Your website is the online hub of your business where people come to learn, to engage, and ultimately, to make a purchase or a donation or to join a cause. It's also your "digital workforce," driving traffic and converting visitors. A successful website relies on a complex ecosystem, where the performance of each individual element impacts the health of the whole.
You can have clean, innovative web design, but it will go to waste if you don't also have effective SEO to help people find your site. Blogging is a great way to build relationships, but you'll be missing out on a lot of readers if your blog isn't tightly integrated with your social media pages.
Every element of your website and inbound marketing plan plays a key role in the overall production, so getting it right requires a comprehensive approach. Start the process with our overview of core concepts below -- then be sure to download our more detailed eBook, "25 Must-Haves for an Effective Website" to learn how you can make your website work harder for your business.
Design With The User in Mind
The first thing to realize when designing a website is that users have a choice. If your website is confusing, difficult to navigate, or not optimized for mobile browsing, you'll have trouble earning repeat visitors. Aim for consistent, clear design, with navigation tailored to how you expect people to progress logically through your site.
Avoid cluttering pages with too many images, multimedia features, or blocks of text. All useful features, but striking the right balance between content and white space is vital to keep visitors from feeling intimidated.
For navigation, visitors should always know where they are, and how to get where they want to go. Use breadcrumbs so people can see how they reached their current location, and provide descriptive, logical labels for links within your site.
People are browsing the web on a more diverse set of devices than ever before. Make sure your website works as well on small screens as it does on big ones to capitalize on the popularity (and necessity) of mobile browsing. (Nothing says "dated" more than a site that requires people to use their fingers to enlarge the type!)
Make It Easy to Find
Incorporating lessons from effective websites is a great start, but only if your target audience is actually able to find your site. Search engine optimization (SEO) positions your site to rank highly in search results, and a high ranking is the best way to ensure a steady flow of new visitors.
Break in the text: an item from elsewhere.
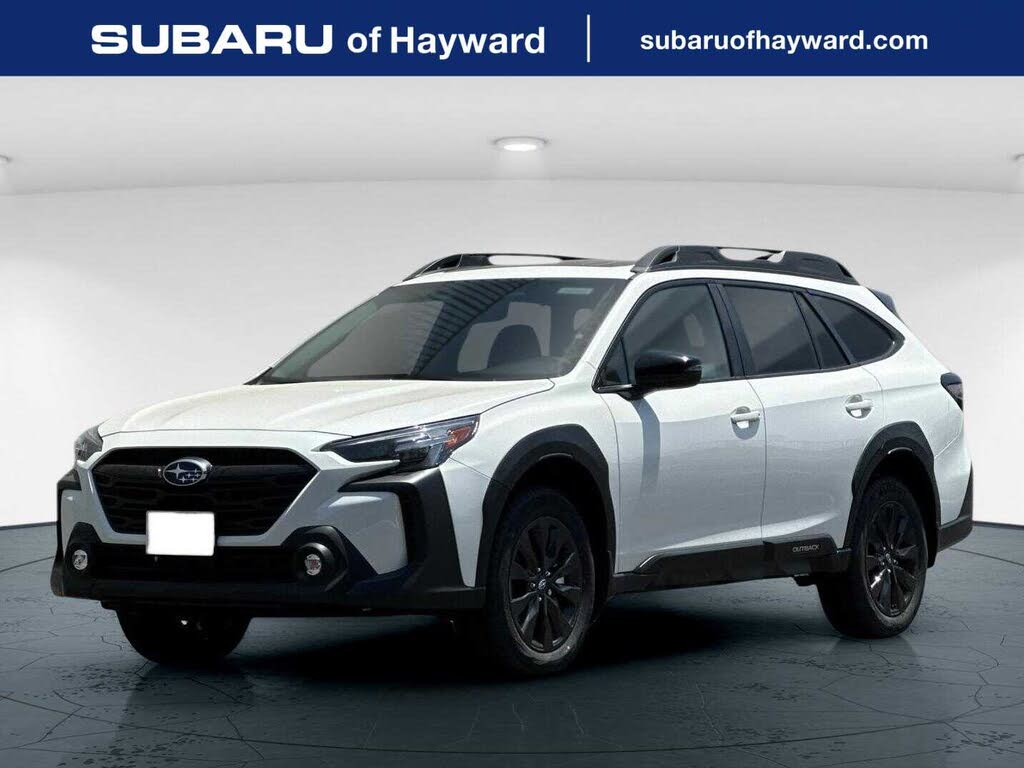 2025 Subaru Outback Onyx Edition AWD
On-page SEO should always be a part of your content creation process. Choose the right keywords to highlight, but don't go overboard. Quality matters most.
There's also plenty of SEO that goes on under the hood. Meta-tags, your sitemap, and how you label media all play an important part in SEO.
Create Content That Moves Prospects
Content is at the heart of effective websites. The words and topics you choose play a major role in your SEO, and in how readers perceive your business. By posting valuable, creative content, you also open up new social media opportunities, and the influx of new visitors that comes with them.
Lean on your expertise. You know a ton about the products or services you sell, and sharing that expertise is the best way to build your creditability -- and relationships -- with your readers.
Don't limit yourself to one type of content. Blogging is vital, but you should also look for opportunities to offer educational content through whitepapers, eBooks, webinars, videos – whatever works for your business and audience. The website we helped United Fresh to develop below is full of engaging content for its membership!
Make the Conversion
Your design choices, SEO, and content creation all lead to this moment. It's time to turn your interested prospect into a converted customer. If you've followed the design concepts mentioned above, you should be in excellent position to close the deal.
It's all about the Call to Action (CTA). An effective CTA is clear, without feeling overly aggressive. Visually, you want a CTA to stand out from the rest of the page, but not excessively.
Landing pages are the perfect place to feature your best CTAs. When crafting a landing page, less is more. Give customers the information they need, but don't overwhelm them.
The longer your sign-up forms are, the less likely people are to fill them out. Ask only for what you need, and keep forms simple to avoid confusion.
No matter what industry you're in and what target group you seek, incorporating concepts from effective websites will help you grow your business. The common theme throughout all of our suggestions is that you want to make your site as easy and as engaging as possible. Incorporating the right design, content and tools will ensure that your website is out there working hard for you!